Someone who is infected with a particular disease and responsible for transmitting that bacteria or virus to a large number of other people. Epidemiologists say these are often the index cases where an epidemic begins.
Why someone is a "super spreader," depends on the kind of pathogen, the infected person's biology, their environment and their behavior at the given time. Today, with global travel, the ability to move pathogens rapidly across great distances, often before people are aware they are sick, creates environments ripe for super spreading.
Some infected people might shed more of a virus or bacteria into the environment than others because of how their immune system works. A person who is infected, but with no symptoms, may continue about their daily routines and inadvertently more people. A famous example of that type of person is "Typhoid Mary," a cook who supposedly infected 51 people with typhoid, even though she wasn't sick.
Alternatively, people who are sick may be very good at transmitting a pathogen even if they reduce their contacts with others. Individuals who have more symptoms – for example, coughing or sneezing more – can spread the disease to new human hosts. During the severe acute respiratory syndrome (SARS) outbreak, one sick traveler staying at a Hong Kong hotel spread the coronavirus to more than 100 others, some of whom were overseas travelers, who then took SARS to their home countries.
During an outbreak, epidemiologists look for super spreaders, because they can accelerate the rate of new infections in people.
While science continues to evolve on understanding how SARS-CoV-19 (the virus that causes COVID-19) is transmitted, early research does provide some information. One of the best explanations for what is known about transmission has been written by Erin S. Bromage, Ph.D., a comparative immunologist and associate professor of biology (specializing in immunology) at the University of Massachusetts Dartmouth.
The formula for COVID-19 being successfully transmitted to another person is related to the amount of a person's exposure to the virus, multiplied by the amount of time someone is with the infected person, he says. The more time someone spends with someone exposed, the greater the risk of becoming infected.

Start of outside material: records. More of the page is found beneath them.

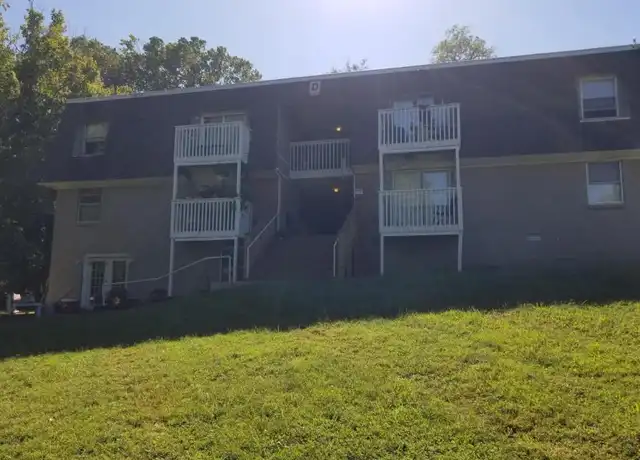 Property at 150 Mayhew Rd Unit D2, Clarksville, TN, 37040, 2 beds, 1 bath, [object Object]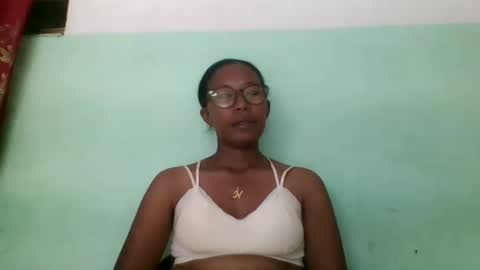 Snapshot of noellah chatting on March 9, 4:22 pm noellah online show from March 9, 4:22 pm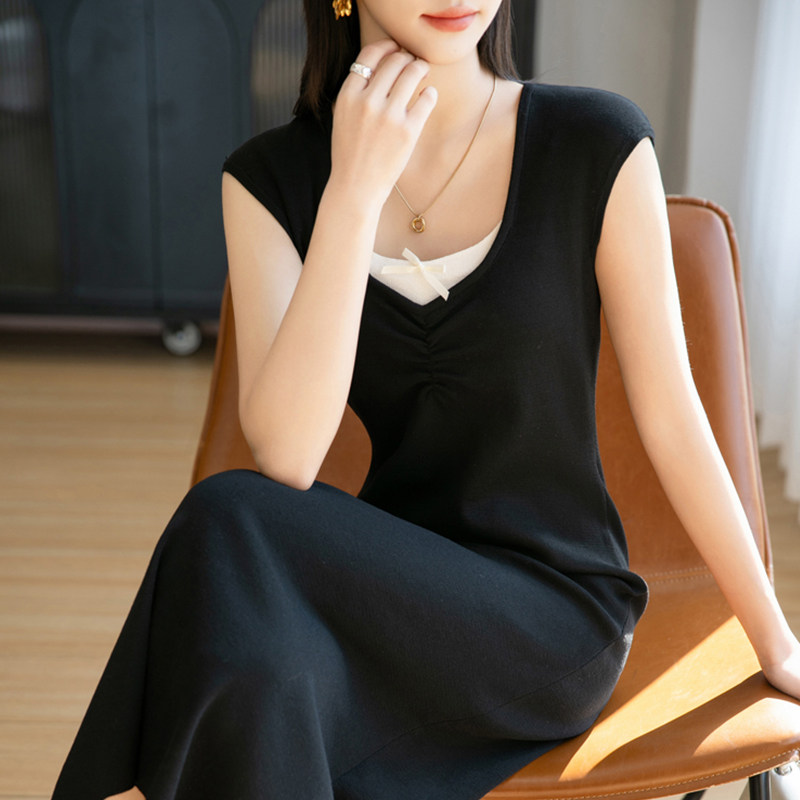 高端设计感大码连衣裙女黑白条纹中长款无袖宽松V领冰丝针织A字裙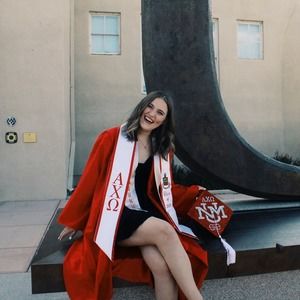 Meet your Posher, Molly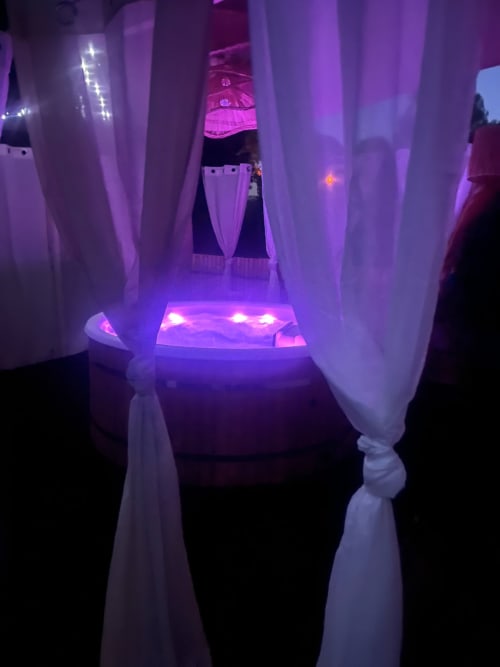 Appartement Le Cabanon Secret avec éclairage ambiant violet, voilages blancs et zone lounge illuminée au Mas Aurel de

Bromage says the routes of transmission are known to be via a bathroom, a cough, a sneeze, and from droplets released when breathing. If a person coughs or sneezes, some of the infected droplets can hang in the air for a few minutes, filling a room with viral particles. This is why there is risk of indoor transmission. Speaking also releases some droplets, which is why remaining six feet from an infected person is important.

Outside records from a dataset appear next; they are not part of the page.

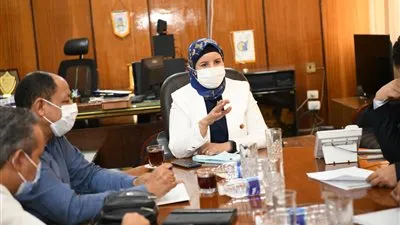 السكرتير العام المساعد بقنا تترأس اجتماع لجنة تطوير المناطق غير المخططة 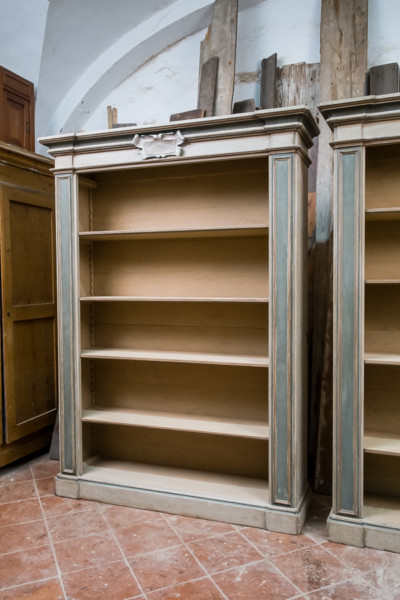 Librerie ricostruite su misura di gusto seicentesco. Margheri Antichità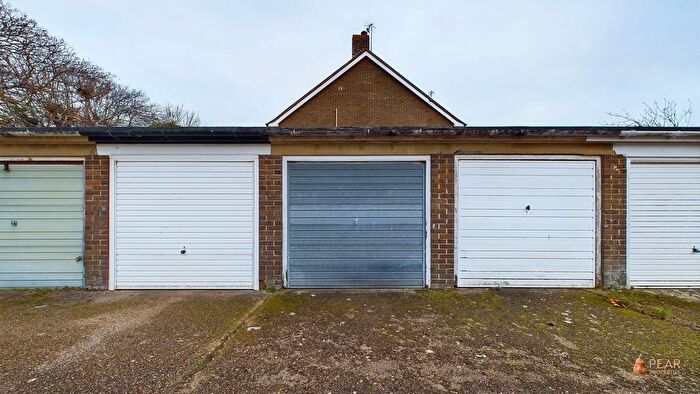 Property To Rent In Montague Close, Shoreham-By-Sea, BN43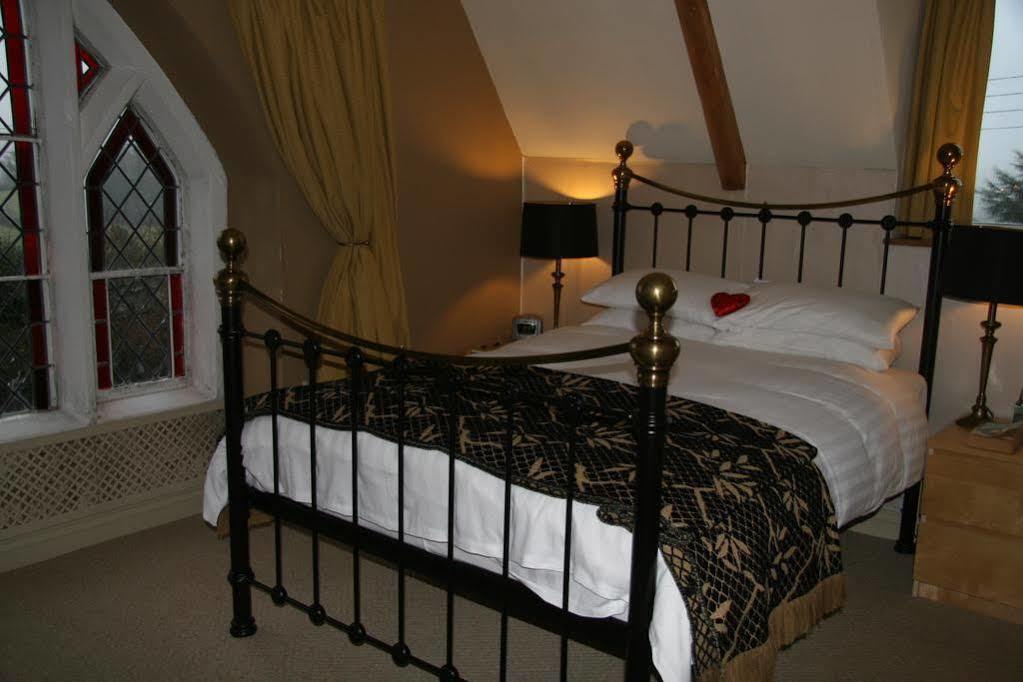 The Belfry, Restaurant And Rooms Yarcombe Extérieur photo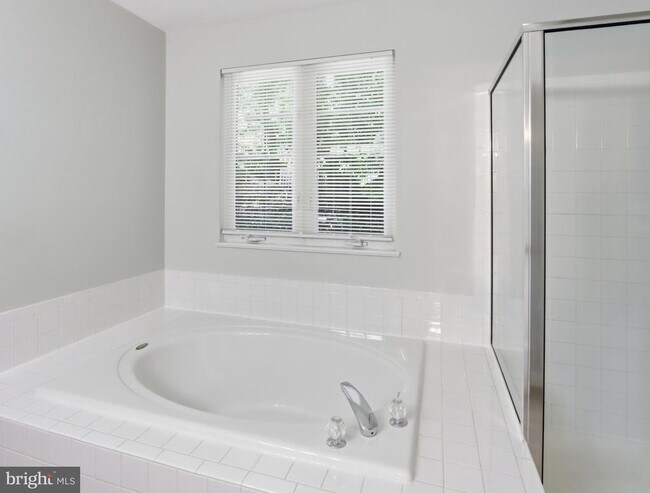 Building Photo - 8 Quails Nest Ct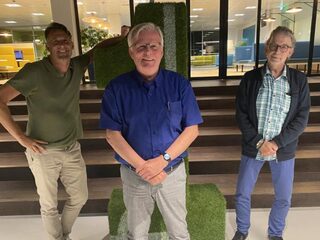 Patrick Kluivert nieuwe trainer Barcelona? 'Dat is nogal wat hoor'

Somewhere in the range of 20% to 44% of people may be infected and have no symptoms or may be presymptomatic. An individual may shed virus for up to five days before developing symptoms. This is why social distancing remains important, especially indoors, he says.
The biggest known super spreading events are meat packing plants, weddings, funerals, birthday parties and business networking. Other super spreading locations include a restaurant, a call center, a choir rehearsal and an indoor sporting event.